Ich hab doch eigentlich recht deutlich geschrieben dass ich nicht eine 5m hohe *Rampe* bauen will, sondern eine Kleinere bei der ein 5m *Sprung* rauskommt. Bei einer 5m Rampe ist der Sprung nämlich deutlich größer und ich übe ja schliesslich noch    

Was ich mir vorstelle ist ein Steilhang auf den man oben was hinsetzt. Wenn Du mit genügend Gas drüberfährst fliegst Du dementsprechend weit, der Boden taucht unter Dir weg und Du bekommst dadurch die Höhe. Durch den flacheren Einschlagswinkel ist auch die Landung nicht so hart als wenn Du mit wenig Speed über eine höhere Rampe anfährst.
Mag sein dass das jetzt nicht irgendeiner Definition von Drophöhen entspricht, aber so hatte ich es gemeint    

Was mich an den Drops in Wildbad stört ist die Tatsache dass rechts und links von der Landung Bäume rumstehen. Und die sind ja bekanntermassen nicht die Flinkesten wenn's drum geht mal schnell auf die Seite zu treten weil Einer den's geschmissen hat im Tiefflug dahergerauscht kommt...


----------



## fez (1. September 2005)

5 m bleiben 5 m

Auf dem kleinen aber steilen Skihang im oberen Gaistal über Bad Herrenalb gibt es einen sehr netten _Sprung_ über einen Querweg weg in den Hang hinein. 
Wenn Du da mit genügend Speed reingehst kommst Du zwar vielleicht nicht auf 5 m, aber ich denke 3 sollten möglich sein. Rantasten ruled.
(Warum der Zahlenfetischismus - wir wissen ja dass Länge nicht zählt, oder ?)


----------



## Speedbullit (7. September 2005)

GoBig schrieb:
			
		

> Was mich an den Drops in Wildbad stört ist die Tatsache dass rechts und links von der Landung Bäume rumstehen. Und die sind ja bekanntermassen nicht die Flinkesten wenn's drum geht mal schnell auf die Seite zu treten weil Einer den's geschmissen hat im Tiefflug dahergerauscht kommt...

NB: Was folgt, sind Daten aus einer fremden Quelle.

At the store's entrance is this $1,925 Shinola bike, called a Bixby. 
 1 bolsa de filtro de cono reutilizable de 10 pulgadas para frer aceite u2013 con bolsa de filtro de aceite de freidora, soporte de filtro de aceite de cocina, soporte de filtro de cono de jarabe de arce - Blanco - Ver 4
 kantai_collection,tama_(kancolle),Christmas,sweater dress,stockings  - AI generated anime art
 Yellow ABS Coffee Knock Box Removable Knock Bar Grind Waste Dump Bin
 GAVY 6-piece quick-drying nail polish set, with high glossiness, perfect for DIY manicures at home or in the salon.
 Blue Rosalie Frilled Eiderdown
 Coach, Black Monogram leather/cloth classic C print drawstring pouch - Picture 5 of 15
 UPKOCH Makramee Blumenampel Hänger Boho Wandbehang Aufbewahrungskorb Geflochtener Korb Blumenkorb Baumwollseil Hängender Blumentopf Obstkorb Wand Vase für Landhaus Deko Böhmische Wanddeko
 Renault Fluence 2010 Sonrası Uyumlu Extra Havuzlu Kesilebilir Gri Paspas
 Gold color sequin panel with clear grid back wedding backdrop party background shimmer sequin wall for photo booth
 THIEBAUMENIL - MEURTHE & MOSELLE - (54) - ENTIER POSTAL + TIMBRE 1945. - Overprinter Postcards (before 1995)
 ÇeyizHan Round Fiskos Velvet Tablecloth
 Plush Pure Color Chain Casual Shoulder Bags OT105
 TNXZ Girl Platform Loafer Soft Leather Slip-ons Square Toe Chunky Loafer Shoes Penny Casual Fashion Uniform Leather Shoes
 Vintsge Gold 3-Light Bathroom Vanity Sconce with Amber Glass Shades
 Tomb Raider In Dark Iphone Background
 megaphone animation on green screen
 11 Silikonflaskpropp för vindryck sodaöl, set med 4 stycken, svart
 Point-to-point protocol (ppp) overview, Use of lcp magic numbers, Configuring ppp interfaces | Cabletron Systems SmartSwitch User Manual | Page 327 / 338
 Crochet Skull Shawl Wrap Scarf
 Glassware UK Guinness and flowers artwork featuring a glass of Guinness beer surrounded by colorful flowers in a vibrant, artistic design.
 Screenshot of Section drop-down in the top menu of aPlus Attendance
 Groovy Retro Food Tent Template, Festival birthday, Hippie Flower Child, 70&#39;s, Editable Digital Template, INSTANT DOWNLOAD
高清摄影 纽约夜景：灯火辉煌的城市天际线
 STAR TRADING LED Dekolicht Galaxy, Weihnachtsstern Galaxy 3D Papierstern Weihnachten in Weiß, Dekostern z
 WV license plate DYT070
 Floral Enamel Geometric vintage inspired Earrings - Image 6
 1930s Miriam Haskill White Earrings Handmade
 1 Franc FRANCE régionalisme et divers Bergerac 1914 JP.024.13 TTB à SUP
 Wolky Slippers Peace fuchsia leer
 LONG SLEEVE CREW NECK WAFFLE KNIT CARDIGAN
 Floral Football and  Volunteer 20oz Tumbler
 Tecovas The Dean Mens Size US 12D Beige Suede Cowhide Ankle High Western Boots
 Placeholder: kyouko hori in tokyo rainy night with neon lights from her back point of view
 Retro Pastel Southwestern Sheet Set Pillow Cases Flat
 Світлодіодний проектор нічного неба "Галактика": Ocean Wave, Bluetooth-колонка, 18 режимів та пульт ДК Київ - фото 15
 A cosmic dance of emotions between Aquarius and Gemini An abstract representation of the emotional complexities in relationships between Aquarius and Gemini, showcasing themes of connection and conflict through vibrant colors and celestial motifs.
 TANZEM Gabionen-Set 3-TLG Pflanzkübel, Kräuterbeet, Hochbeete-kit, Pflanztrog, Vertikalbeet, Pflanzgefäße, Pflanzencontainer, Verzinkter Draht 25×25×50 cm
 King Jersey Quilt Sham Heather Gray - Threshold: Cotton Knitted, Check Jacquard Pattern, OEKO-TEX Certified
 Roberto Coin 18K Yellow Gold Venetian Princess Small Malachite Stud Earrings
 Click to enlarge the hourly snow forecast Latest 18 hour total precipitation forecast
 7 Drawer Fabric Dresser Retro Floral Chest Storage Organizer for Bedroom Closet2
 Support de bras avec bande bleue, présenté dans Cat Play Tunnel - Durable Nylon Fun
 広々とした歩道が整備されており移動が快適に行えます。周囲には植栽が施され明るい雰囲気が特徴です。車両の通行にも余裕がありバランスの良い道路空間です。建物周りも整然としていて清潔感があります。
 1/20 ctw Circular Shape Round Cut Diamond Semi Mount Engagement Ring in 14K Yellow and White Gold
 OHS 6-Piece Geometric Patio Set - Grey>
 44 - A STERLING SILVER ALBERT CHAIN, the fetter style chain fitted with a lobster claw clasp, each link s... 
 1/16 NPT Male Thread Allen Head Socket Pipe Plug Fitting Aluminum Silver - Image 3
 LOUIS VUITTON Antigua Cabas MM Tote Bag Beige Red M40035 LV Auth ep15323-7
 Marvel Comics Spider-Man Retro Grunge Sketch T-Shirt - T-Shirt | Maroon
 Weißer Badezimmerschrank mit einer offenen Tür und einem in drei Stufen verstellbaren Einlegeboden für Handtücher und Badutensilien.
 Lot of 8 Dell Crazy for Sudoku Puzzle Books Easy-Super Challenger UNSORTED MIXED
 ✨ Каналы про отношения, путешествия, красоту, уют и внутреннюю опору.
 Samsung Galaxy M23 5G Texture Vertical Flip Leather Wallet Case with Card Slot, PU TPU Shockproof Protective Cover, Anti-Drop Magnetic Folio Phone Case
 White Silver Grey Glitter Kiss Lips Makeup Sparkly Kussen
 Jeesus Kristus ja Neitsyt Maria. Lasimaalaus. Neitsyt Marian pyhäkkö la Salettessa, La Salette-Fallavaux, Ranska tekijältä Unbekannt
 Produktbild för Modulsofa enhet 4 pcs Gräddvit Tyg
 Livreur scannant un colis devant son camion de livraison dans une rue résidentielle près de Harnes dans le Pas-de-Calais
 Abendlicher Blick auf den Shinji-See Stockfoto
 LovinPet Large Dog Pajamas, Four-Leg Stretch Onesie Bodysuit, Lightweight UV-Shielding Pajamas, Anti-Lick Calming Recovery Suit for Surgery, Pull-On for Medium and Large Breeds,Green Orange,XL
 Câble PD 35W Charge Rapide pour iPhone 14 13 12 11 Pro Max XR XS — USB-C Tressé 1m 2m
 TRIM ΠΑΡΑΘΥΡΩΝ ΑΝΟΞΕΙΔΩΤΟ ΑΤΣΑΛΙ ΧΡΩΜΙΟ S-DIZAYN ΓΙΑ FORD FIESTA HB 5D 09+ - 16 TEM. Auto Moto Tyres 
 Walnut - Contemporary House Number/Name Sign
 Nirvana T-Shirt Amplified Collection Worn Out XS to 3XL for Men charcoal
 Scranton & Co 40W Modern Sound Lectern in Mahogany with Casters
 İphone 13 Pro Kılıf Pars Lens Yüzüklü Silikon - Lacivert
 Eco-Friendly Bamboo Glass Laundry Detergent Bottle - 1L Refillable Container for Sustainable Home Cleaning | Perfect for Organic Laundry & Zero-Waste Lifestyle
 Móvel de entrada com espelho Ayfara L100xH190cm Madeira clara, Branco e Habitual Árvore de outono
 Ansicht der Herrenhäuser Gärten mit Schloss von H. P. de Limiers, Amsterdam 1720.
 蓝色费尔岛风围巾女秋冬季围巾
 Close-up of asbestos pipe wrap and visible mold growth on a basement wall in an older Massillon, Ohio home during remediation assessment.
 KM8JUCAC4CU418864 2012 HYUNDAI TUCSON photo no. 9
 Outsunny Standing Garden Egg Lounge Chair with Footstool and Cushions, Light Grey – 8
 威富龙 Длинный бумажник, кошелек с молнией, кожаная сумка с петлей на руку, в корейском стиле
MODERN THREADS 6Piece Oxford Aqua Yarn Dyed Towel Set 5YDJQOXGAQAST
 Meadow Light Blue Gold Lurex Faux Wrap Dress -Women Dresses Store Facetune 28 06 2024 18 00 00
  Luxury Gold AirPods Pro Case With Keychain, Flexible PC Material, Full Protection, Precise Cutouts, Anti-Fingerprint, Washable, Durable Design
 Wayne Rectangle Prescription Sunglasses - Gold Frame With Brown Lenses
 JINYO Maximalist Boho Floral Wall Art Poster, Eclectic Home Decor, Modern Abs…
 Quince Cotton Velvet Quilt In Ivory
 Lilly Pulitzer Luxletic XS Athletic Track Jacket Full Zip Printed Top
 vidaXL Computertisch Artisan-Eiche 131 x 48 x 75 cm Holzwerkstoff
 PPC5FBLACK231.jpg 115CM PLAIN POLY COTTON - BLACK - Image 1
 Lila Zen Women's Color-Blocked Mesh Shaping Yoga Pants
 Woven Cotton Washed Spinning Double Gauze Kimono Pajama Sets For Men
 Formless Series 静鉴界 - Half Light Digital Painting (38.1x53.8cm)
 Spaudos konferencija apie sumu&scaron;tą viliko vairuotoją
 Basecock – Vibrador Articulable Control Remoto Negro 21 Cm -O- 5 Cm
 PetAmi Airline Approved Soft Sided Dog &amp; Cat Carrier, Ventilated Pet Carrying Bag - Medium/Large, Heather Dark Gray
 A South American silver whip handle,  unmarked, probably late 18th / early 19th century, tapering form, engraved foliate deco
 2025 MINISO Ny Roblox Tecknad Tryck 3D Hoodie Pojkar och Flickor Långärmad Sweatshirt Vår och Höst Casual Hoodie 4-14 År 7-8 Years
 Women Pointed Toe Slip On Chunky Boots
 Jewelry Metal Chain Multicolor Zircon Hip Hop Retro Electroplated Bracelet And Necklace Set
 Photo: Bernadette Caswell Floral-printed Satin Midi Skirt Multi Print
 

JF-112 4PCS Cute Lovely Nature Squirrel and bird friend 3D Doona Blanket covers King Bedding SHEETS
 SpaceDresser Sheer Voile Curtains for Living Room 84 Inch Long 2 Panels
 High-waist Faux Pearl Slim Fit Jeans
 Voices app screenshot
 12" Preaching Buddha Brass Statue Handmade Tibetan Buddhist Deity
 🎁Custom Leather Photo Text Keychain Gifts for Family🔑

der dh geht halt mal durch den wald. und die bäume links und rechts des großen drops stören nicht.


----------



## f0x (7. September 2005)

sers leude

hat jemand bock mal bisschen den kuppenheimer wald unsicher zu machen?
meldet euch bei mir icq: 153096684
bitte meldet euch greez max


----------



## theTeV (3. November 2007)

HALLO
Leute ich bin neu hier und Bau gerade in murnau (bei garmisch) ein Drop 
und wollte wissen ob ich was ich beim bau beachten muss p.s. wenn jemand aus der Gegend is würde mich über Hilfe freuen


----------



## Eike. (3. November 2007)

Da fragst du am besten mal im Bayern-Forum. Hier wirst du kaum jemanden aus deiner Gegend finden


----------



## MTB-News.de




----------



## theTeV (3. November 2007)

ho sorry


----------